══ Task inputs
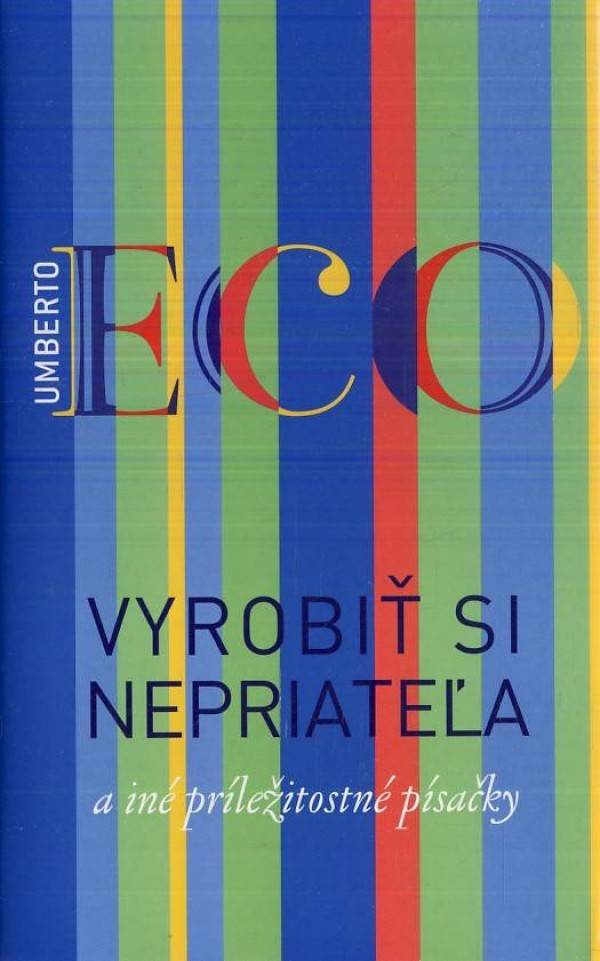 Umberto Eco: VYROBIŤ SI NEPRIATEĽA A INÉ PRÍLEŽITOSTNÉ PÍSAČKY
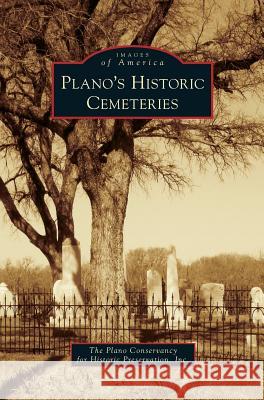 Plano's Historic Cemeteries The Plano Conservancy for Historic Prese 9781531676926 Arcadia Publishing Library Editions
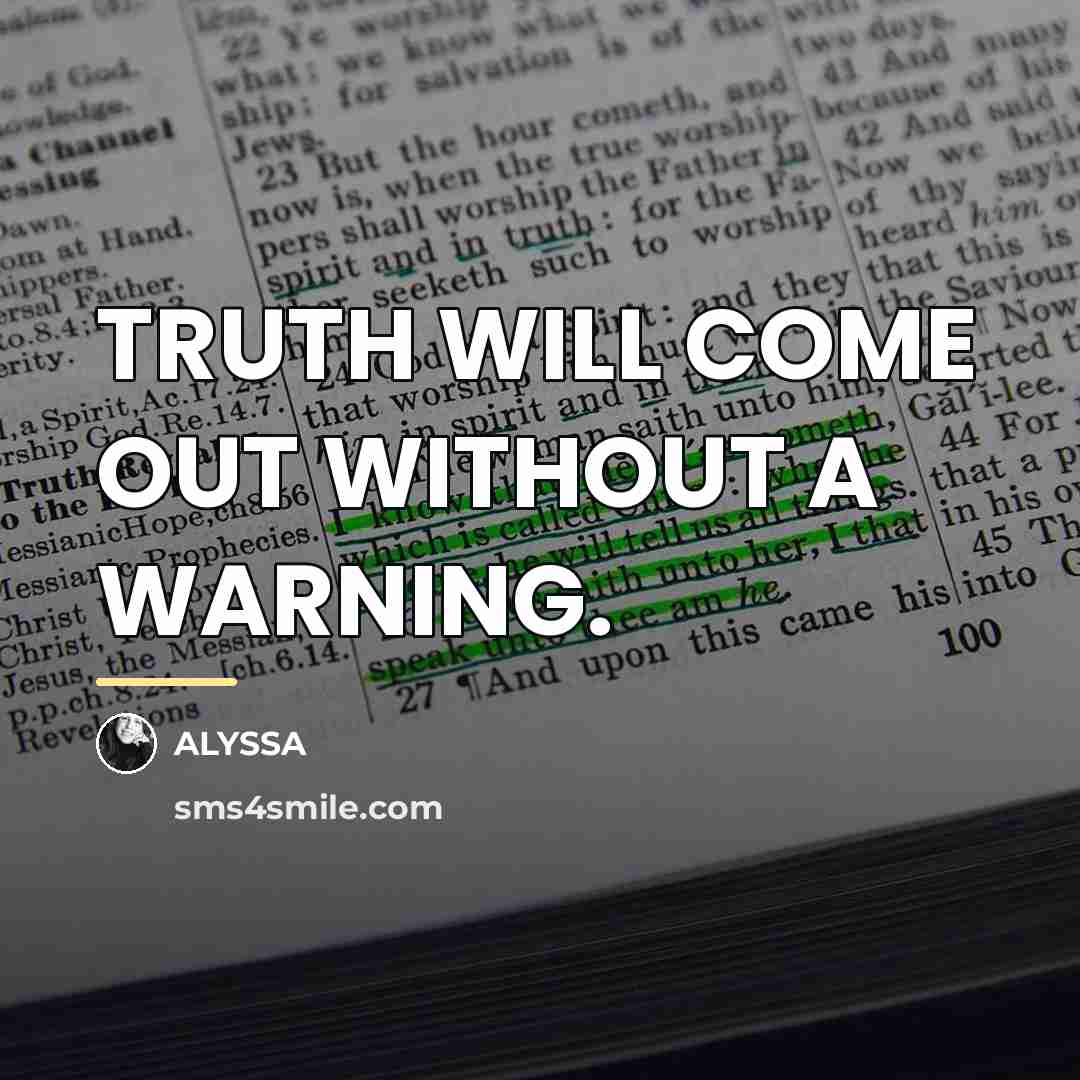 “TRUTH WILL COME OUT WITHOUT A WARNING.…” quote by ALYSSA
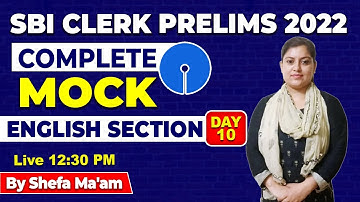 Complete Mock English Section Exact Exam Level for SBI Clerk Prelims 2022 By Shefa Ma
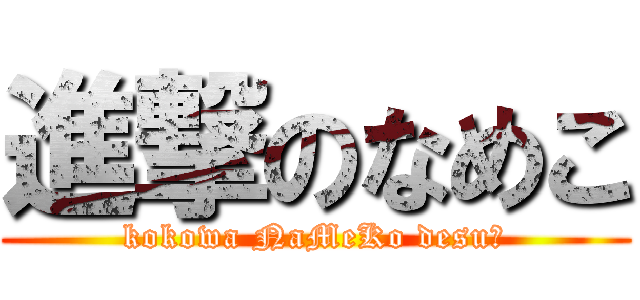 進撃のなめこ (kokowa NaMeKo desu。)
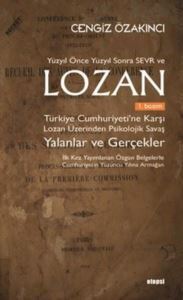 Yüzyıl Önce Yüzyıl Sonra Sevr Ve Lozan: Türkiye Cumhuriyeti’Ne Karşı Lozan Üzerinden Psikolojik Savaş - 1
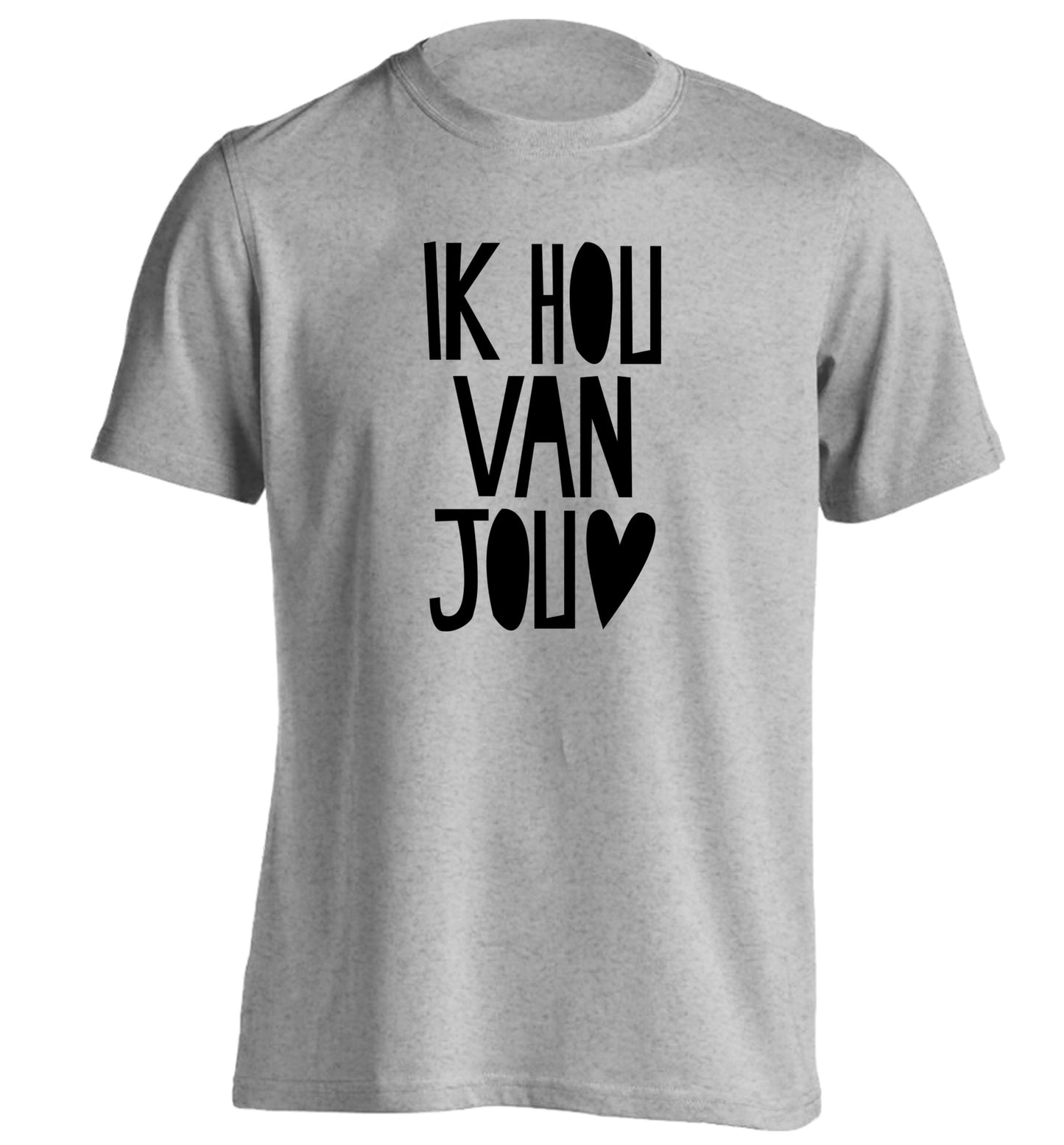 Ik Hau Van Jou - I love you adults unisex grey Tshirt 2XL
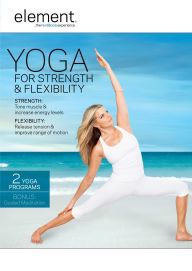 Title: Element: Yoga for Strength & Flexibility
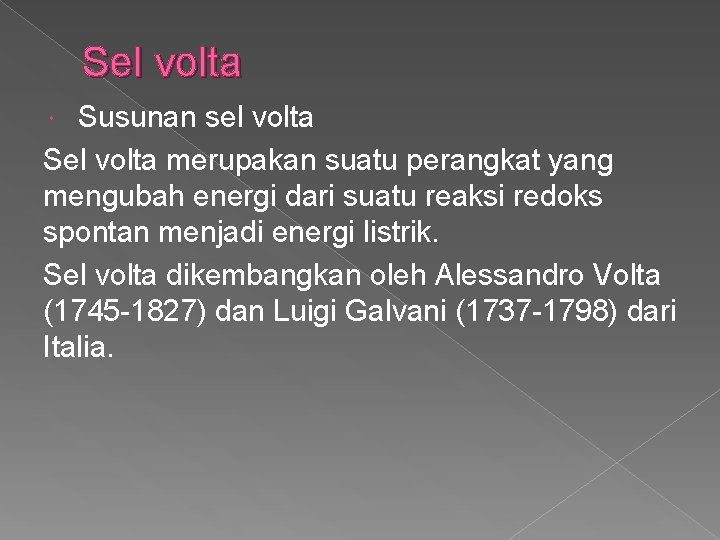 Sel volta Susunan sel volta Sel volta merupakan suatu perangkat yang mengubah energi dari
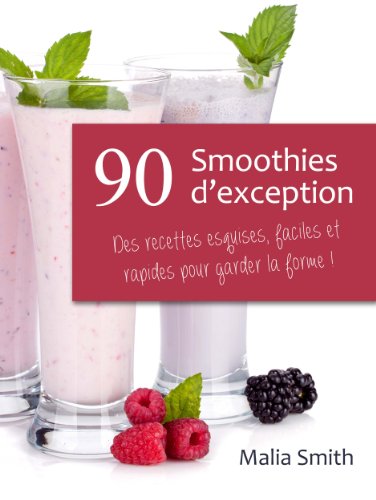 90 Smoothies d’exception : des recettes esquises, faciles et rapides pour garder la forme ! Smoothies aux fruits, verts, detox, sans sucre, sans gluten, végétaliens... (French Edition)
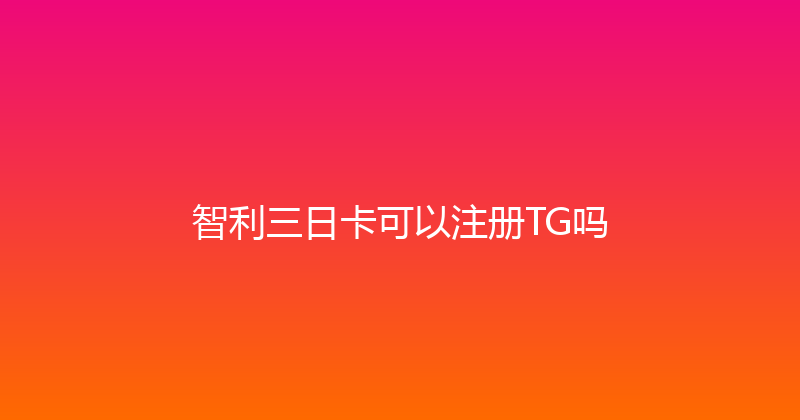 智利三日卡可以注册TG吗 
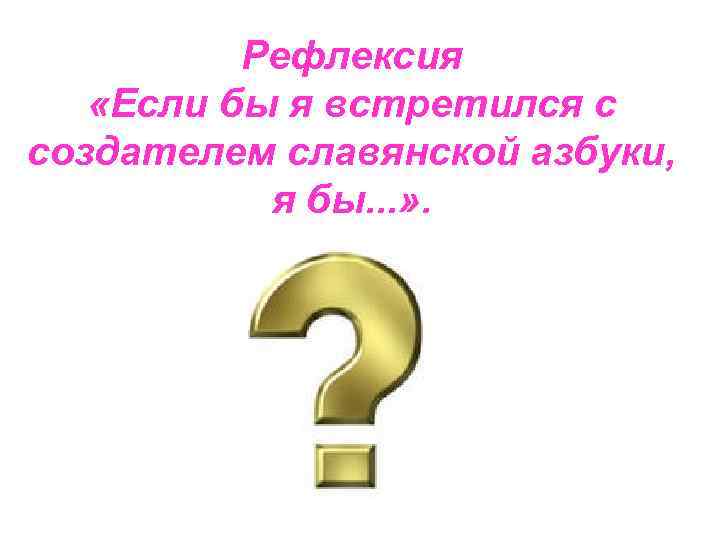 Рефлексия «Если бы я встретился с создателем славянской азбуки, я бы. . . »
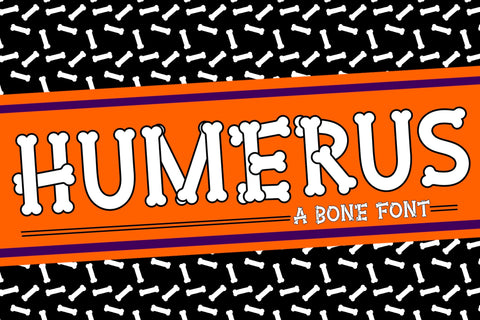 Humerus | A Bone Font Font Kitaleigh 
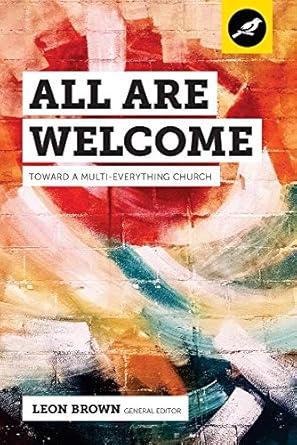 All Are Welcome by Leon Brown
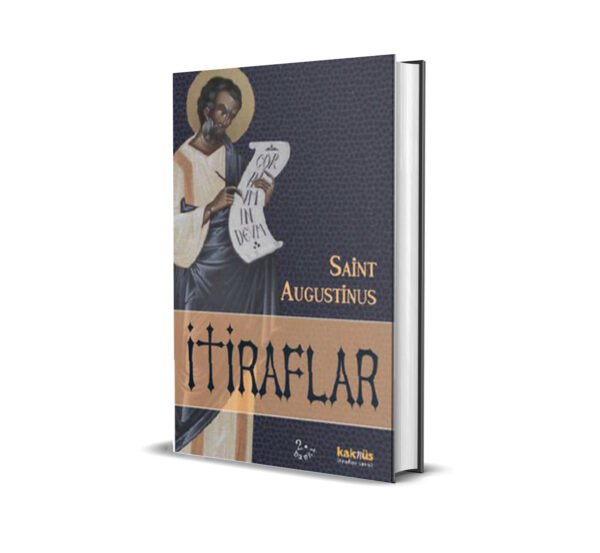 İTİRAFLAR / AUGUSTİNUS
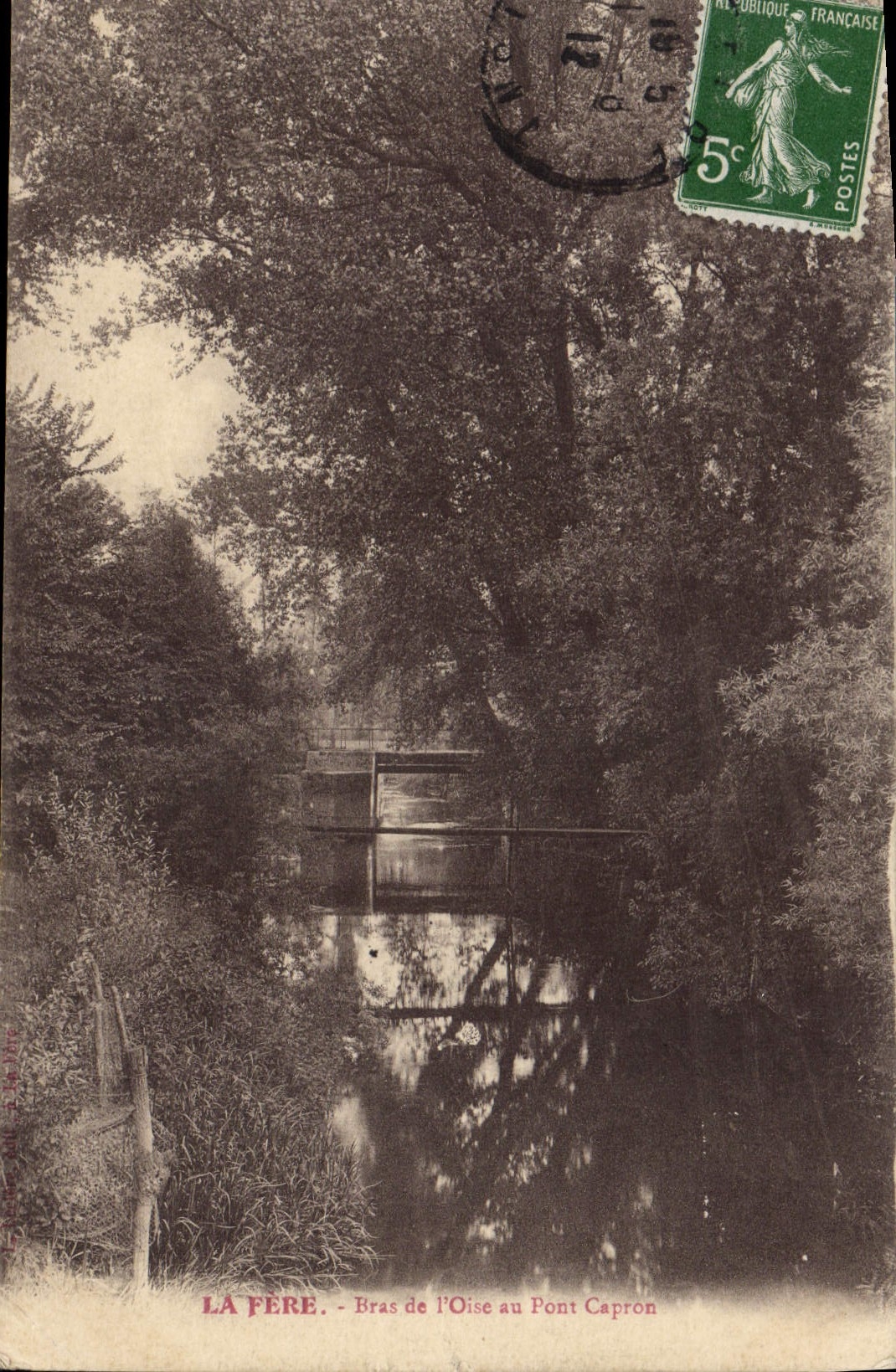 LA FÈRE - Bras de l'Oise au Pont Capron — éditeur : La Fère, n° de série non visible
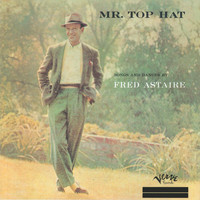 Fred Astaire - Mr. Top Hat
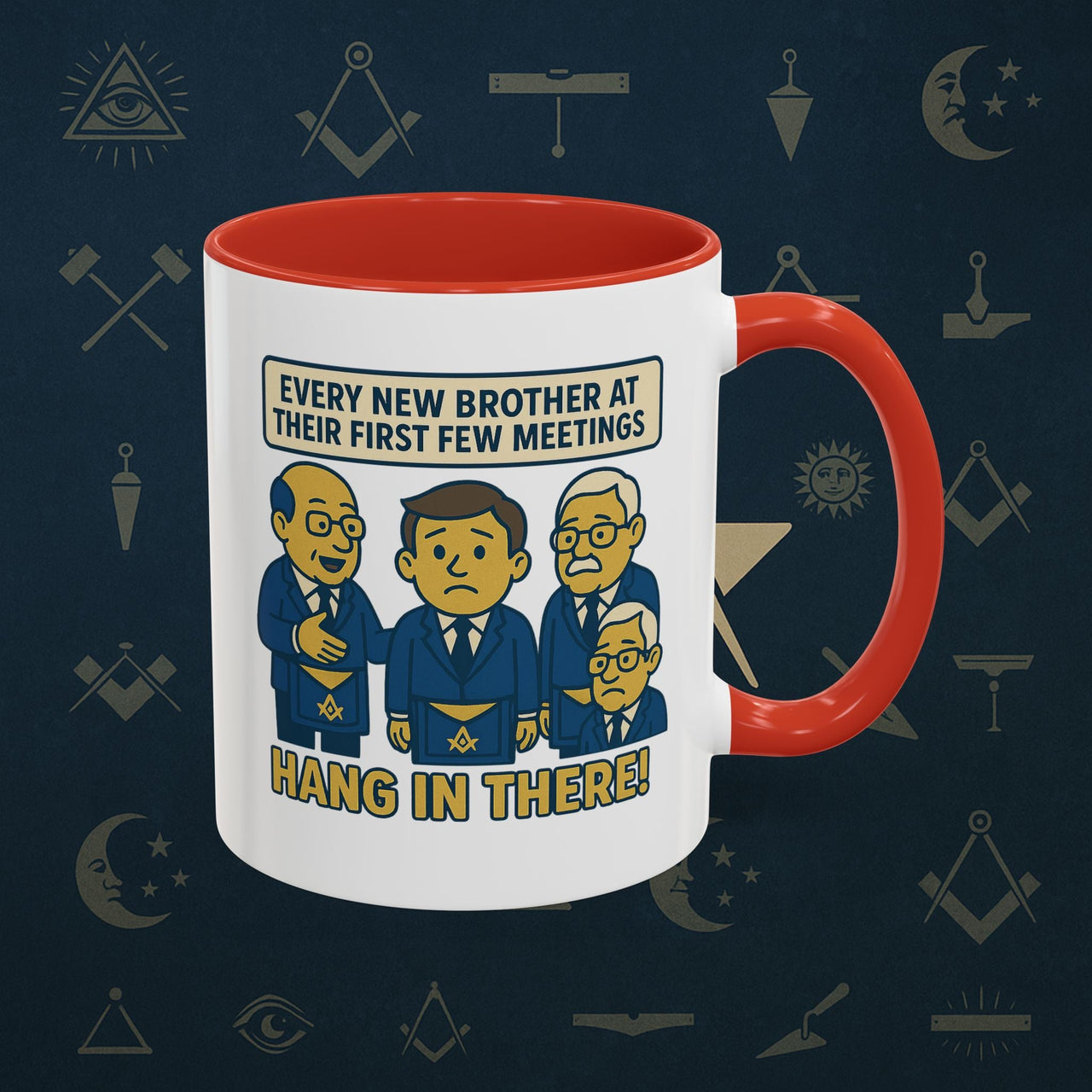 Masonic Mugs Ready to Go – Hang In There! (Accent Coloured 11oz Mug) Printify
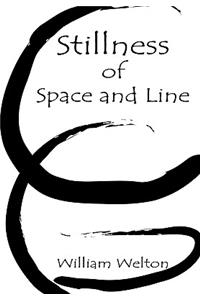 Stillness of Space and Line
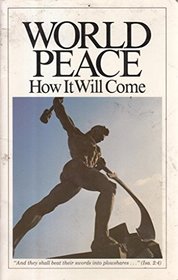 World peace: How it will come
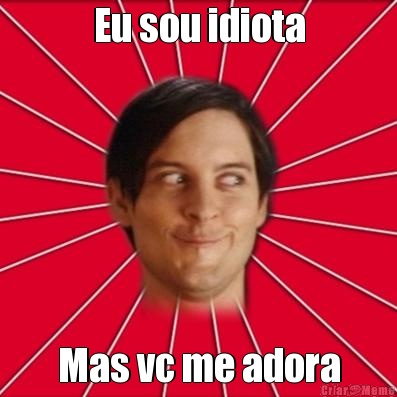 Eu sou idiota Mas vc me adora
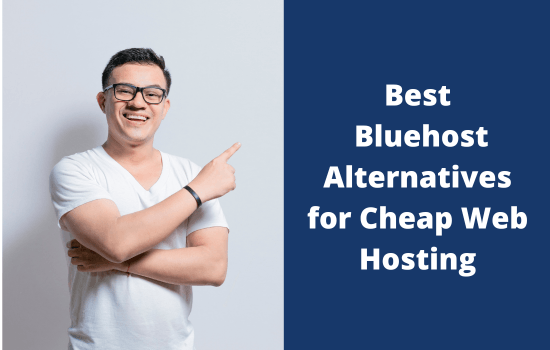 10 Best Bluehost Alternatives for Cheap Web Hosting 3 Best Bluehost Alternatives for Cheap Web Hosting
════
## Your instructions
What are the lines from the one containing "LA FÈRE - Bras" through the end of the records? Write them out exactly, leaving out the pictures.

## Expected answer
 LA FÈRE - Bras de l'Oise au Pont Capron — éditeur : La Fère, n° de série non visible
 Fred Astaire - Mr. Top Hat
 Masonic Mugs Ready to Go – Hang In There! (Accent Coloured 11oz Mug) Printify
 Stillness of Space and Line
 World peace: How it will come
 Eu sou idiota Mas vc me adora
 10 Best Bluehost Alternatives for Cheap Web Hosting 3 Best Bluehost Alternatives for Cheap Web Hosting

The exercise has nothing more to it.